DFlash Speculative Decoding: Up to 15x Faster vLLM Inference with Block Diffusion Drafting

Abstract visual of parallel token blocks propagating forward in a single pass

An illustration of the DFlash concept: the drafting step shifts from sequential token generation to parallel block proposal.

Overview

In large-scale language model serving, decoding throughput is what determines both infrastructure cost and the latency a user actually feels. As long as a model generates tokens one at a time in an autoregressive loop, there is a structural ceiling: no matter how fast the GPU is, the full model must be traversed once per token. Speculative decoding is the most practical known technique for bypassing this bottleneck, yet earlier drafters were also autoregressive, which kept acceleration ratios in the 2-3x range.

On June 23, 2026, the NVIDIA Technical Blog introduced DFlash, developed by researchers at UC San Diego. DFlash applies a block diffusion model to the drafting stage of speculative decoding, proposing future tokens as a block in one forward pass rather than one at a time. Based on published figures, it achieves up to 6x lossless single-stream speedup and up to 15x serving throughput on NVIDIA Blackwell at the same latency target.

The most operationally significant property is drop-in integration. DFlash is supported by vLLM, SGLang, and TensorRT-LLM. On vLLM, switching from EAGLE-3 to DFlash requires only a config change - no application code modifications. This post explains how DFlash works, what the published benchmarks say, and what it means for ThakiCloud’s K8s-based multi-tenant AI/ML serving platform. All numbers cited here are official figures published by NVIDIA and UCSD. We have not reproduced these results on ThakiCloud hardware, and we address that honestly in a dedicated section.

What the Technology Does

Speculative decoding has two stages. A small draft model proposes future tokens, and a large target model verifies them in parallel, accepting the longest valid prefix. When the draft is correct, a single verification pass through the target model confirms multiple tokens. The problem is that conventional drafters are autoregressive: drafting cost grows linearly with the number of speculative tokens, which caps the throughput gains.

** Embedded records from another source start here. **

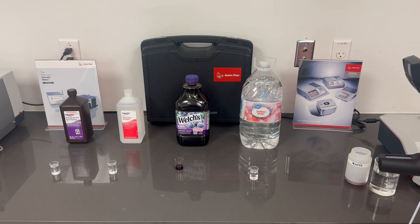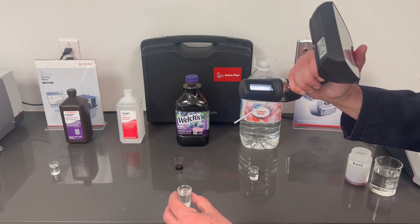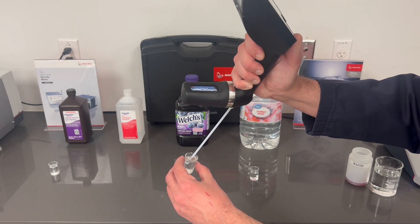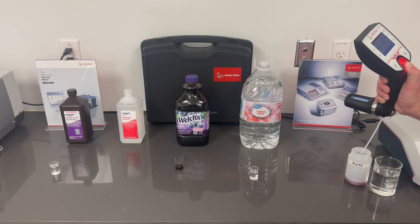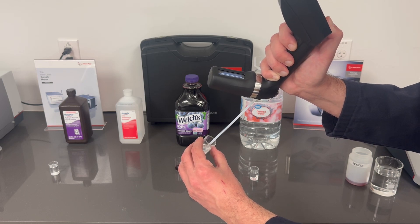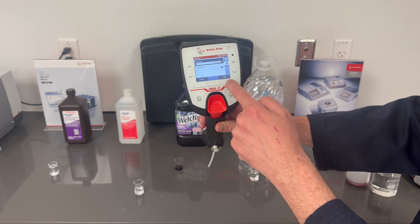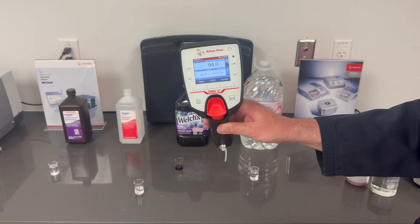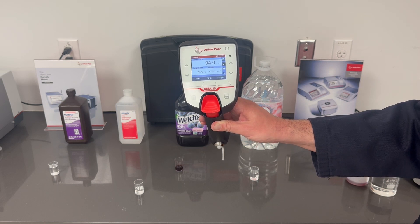Now let's move on to our IPA, our isopropyl alcohol. Same thing — I'm going to do two draws of the sample to make sure my cell is clear of anything that was previously in it. We'll go ahead and switch our method to ethanol. The DMA is saying 94%. The bottle says 91% — looks like they're off a little bit.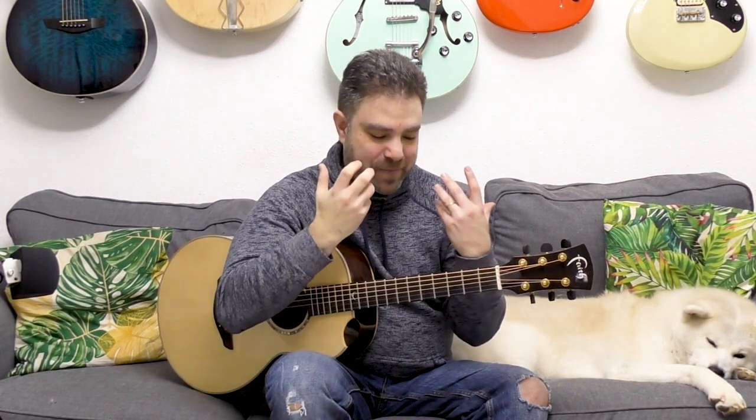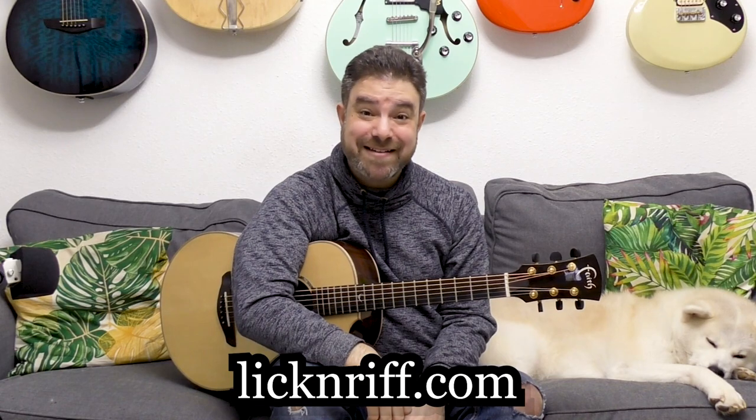Thousands of you have already gone through this workshop, and I am delighted to read your comments and your emails, and to read about your experiences and how you rediscover yourselves as guitar players. That's the goal of this workshop — to turn you into the best versions of yourselves as guitar players. So lickandref.com — the workshop is free.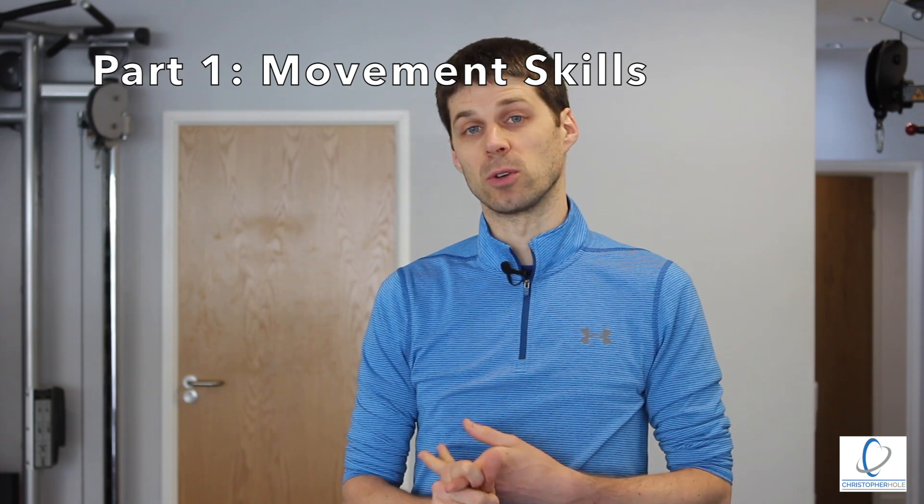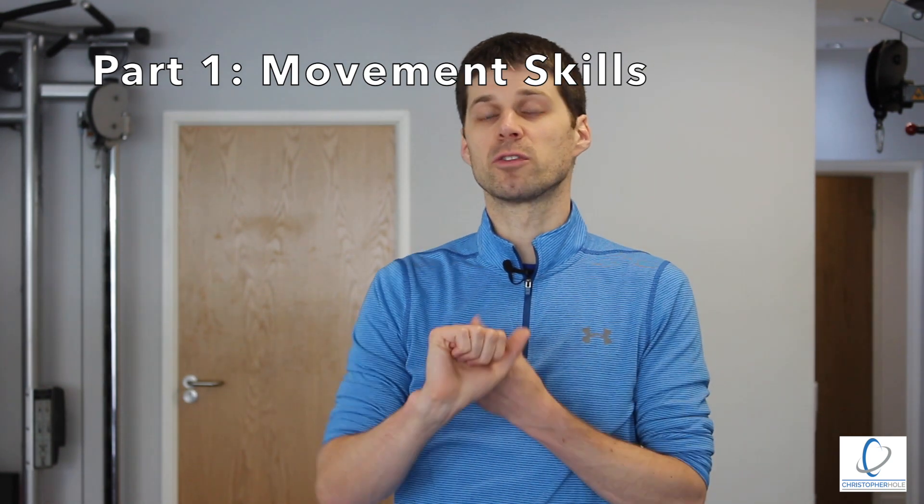Point number one is transferable skills, and there are two parts to this. First of all is movement skills, and second of all is learning how to brace.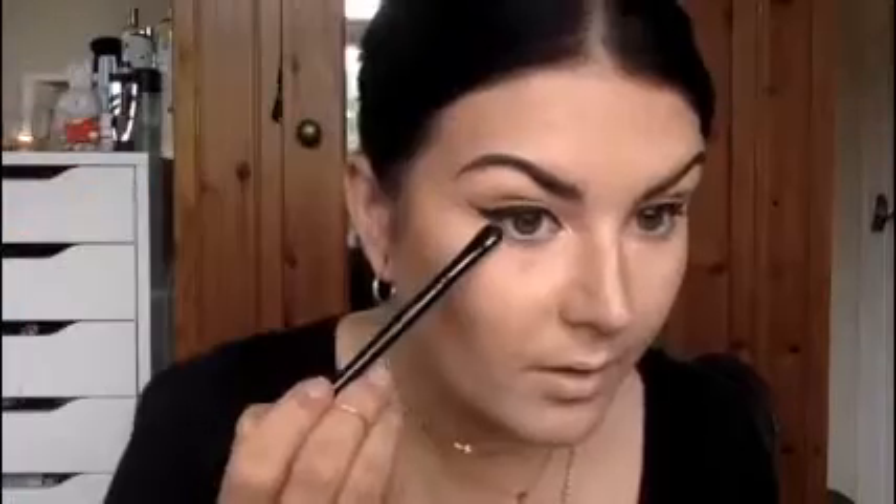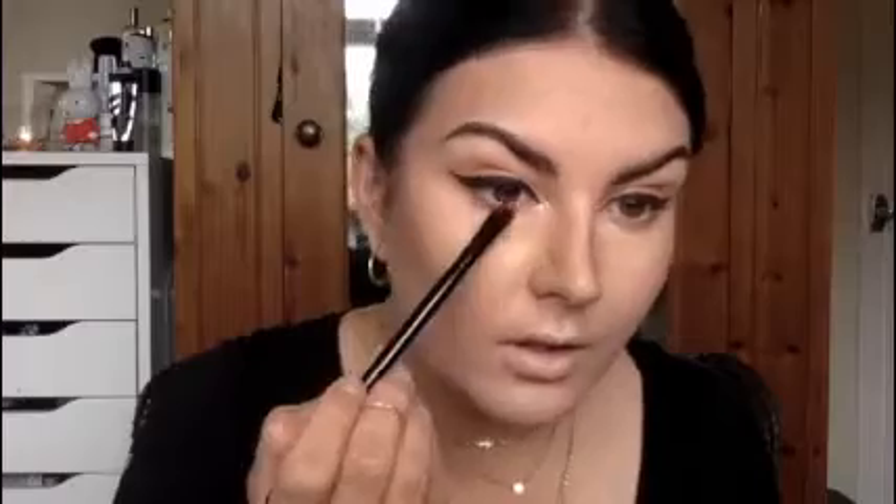Now that we've applied our face makeup, I'm going to take the Illamasqua 105 flat brush and apply the same transition shade we used earlier under the eye and smudge that up right into the wing.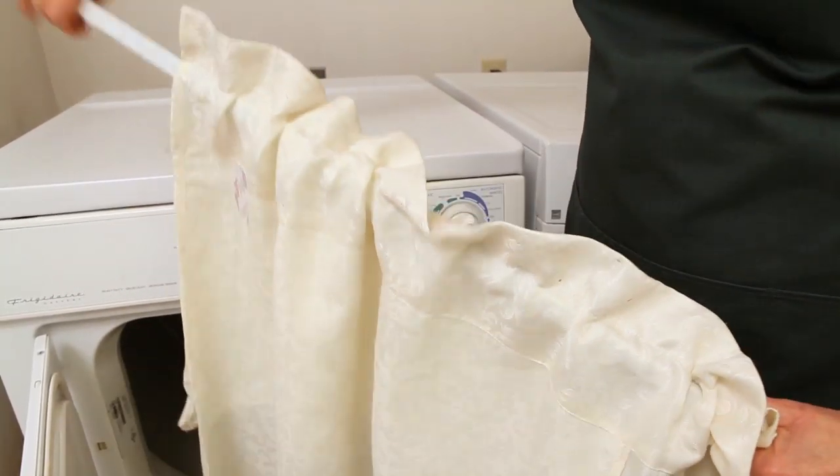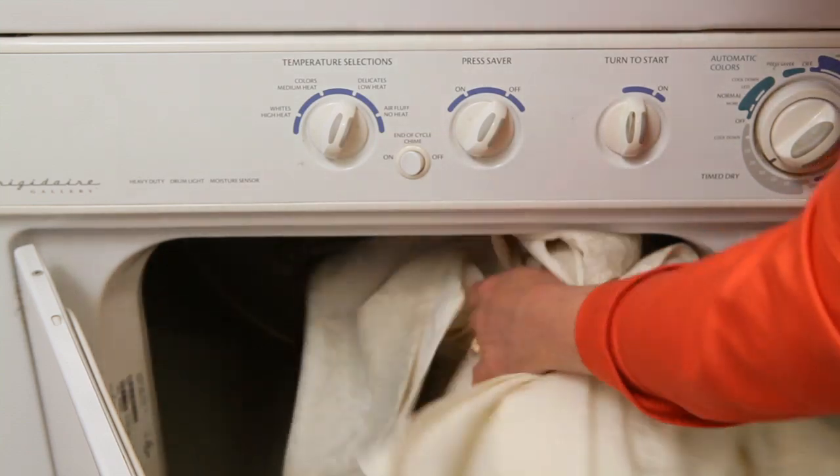Did you know that you can wash your curtains in the dryer? That's right. Forget about putting them in the washer, the dryer, and then trying to press the wrinkles out of them. Instead, what we're going to do is take them down off the window and put them straight into the dryer.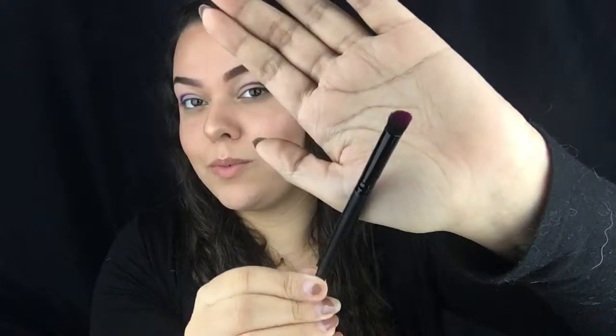Next, taking another one of the e.l.f. contour brushes with the shade Love, I'm going to stamp just over top of the edge of the purple.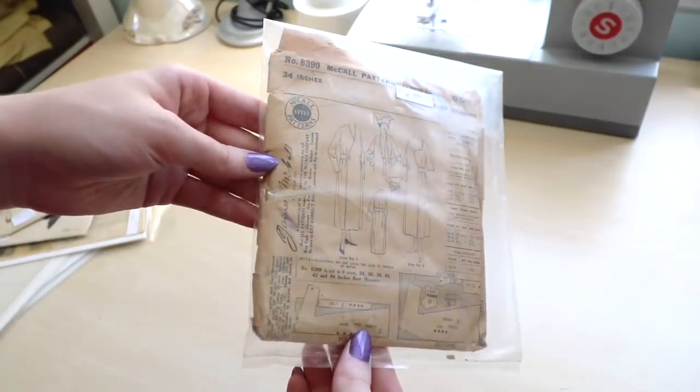Hello everyone and welcome to a new video. In today's video I'm going to be making the somewhat ridiculous ensemble that I'm currently wearing, and this ensemble actually came from a vintage pattern. I believe it is from the late 1910s or maybe even the early 1920s, and it is actually a McCall's pattern, specifically number 8399.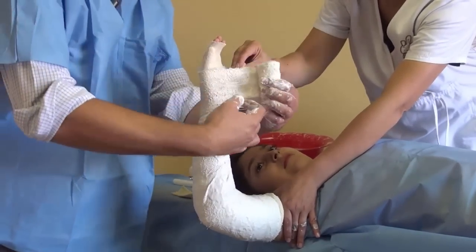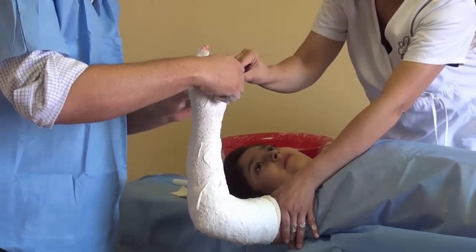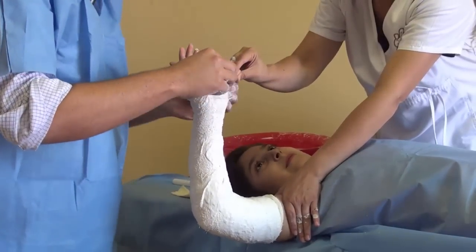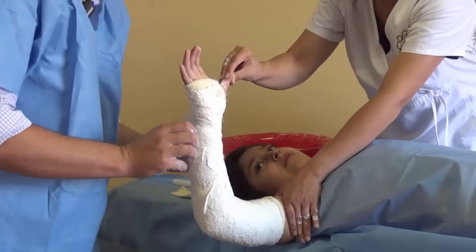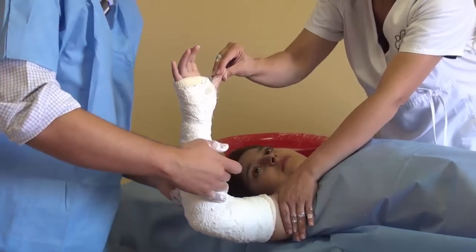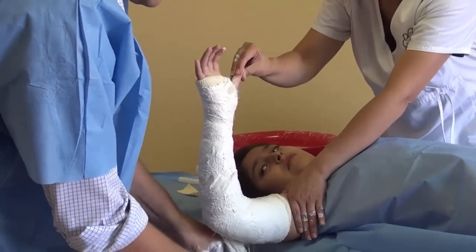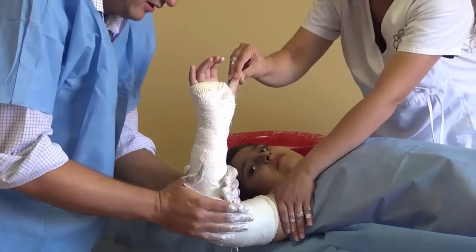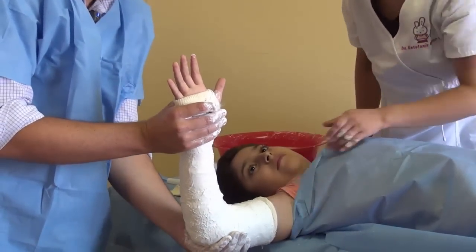Some people make a cut here to go through the thumb; some people just do this — no cuts. Make sure you go around the wrist almost two or three times, then back up to the elbow. We're going to cut it here. Make sure you take all the air out of the cast, make sure you get it in the right position, and then let it dry. And that's it.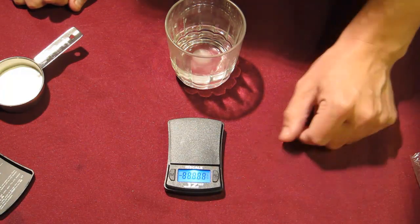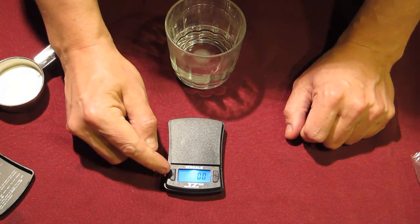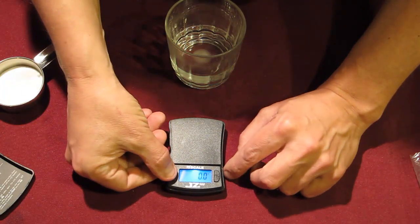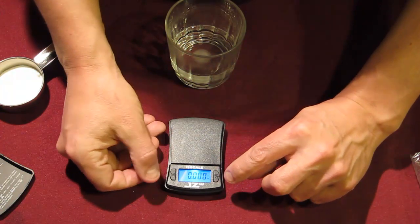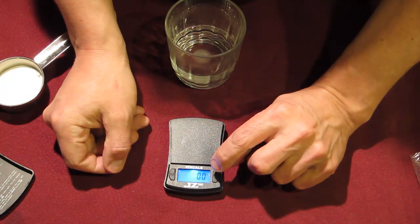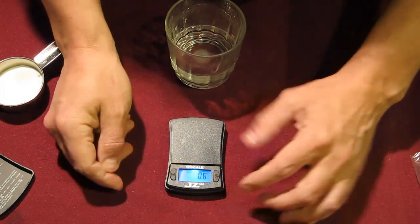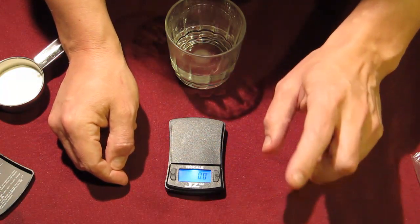One other thing you might want to keep in mind: should you happen to hit the button on the other side of the scale — the button labeled M — that button is used to change the different measuring units. By default it starts in grams, and you always want to use grams. Each time you hit this button it will change: it goes from grams to ounces and a few other measurement values that you don't use for DCA. Always make sure you see the small 'g' in the top right of the display to know that you're measuring grams. If you accidentally hit this button, just keep hitting it and it will cycle through until you get back to grams. Make sure it's always in grams — it's very important, or you will not be getting the proper amount of DCA.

DFlash replaces the autoregressive drafter with a lightweight block diffusion drafter. A block diffusion model denoises a masked block of tokens all at once, combining parallel generation with an autoregressive block structure. DFlash applies this idea only to the drafting stage; verification is still handled by the trusted autoregressive target model. That separation is what preserves output quality. Standalone diffusion LLMs often trail autoregressive models in accuracy and require multiple denoising steps, but in DFlash the draft only needs to be good enough to pass verification - the final output distribution is guaranteed by the target model’s parallel check. The method is therefore lossless.

flowchart LR
    subgraph EAGLE["EAGLE-3 (Autoregressive Drafting)"]
        direction TB
        E1["Token t1"] --> E2["Token t2"] --> E3["Token t3"] --> E4["Token t4"]
    end
    subgraph DFLASH["DFlash (Block Diffusion Drafting)"]
        direction TB
        D0["Masked block"] --> D1["t1 · t2 · t3 · t4 (1 forward pass)"]
    end
    EAGLE --> V1["Target model parallel verification"]
    DFLASH --> V2["Target model parallel verification"]
    V1 --> OUT["Lossless output"]
    V2 --> OUT

The second advantage is drafting cost structure. An autoregressive drafter’s cost scales with the number of speculative tokens, while a diffusion drafter generates all tokens in one parallel pass, so drafting latency stays nearly flat as the block size grows. This allows DFlash to use a deeper, more expressive draft model without increasing latency. In practice, DFlash uses a small 5-layer drafter (8 layers for Qwen3-Coder). That contrasts with earlier diffusion-drafter research (DiffuSpec, SpecDiff-2), which used large 7B-parameter drafters and capped speedup at 3-4x.

DFlash combines three techniques. First, block diffusion drafting predicts multiple future tokens in parallel. Second, target hidden-state conditioning transfers context features from the target model to the drafter via KV injection. Third, verification-friendly training improves the acceptance rate of draft blocks. Together these create the balance of small drafter, parallel block proposal, and lossless verification.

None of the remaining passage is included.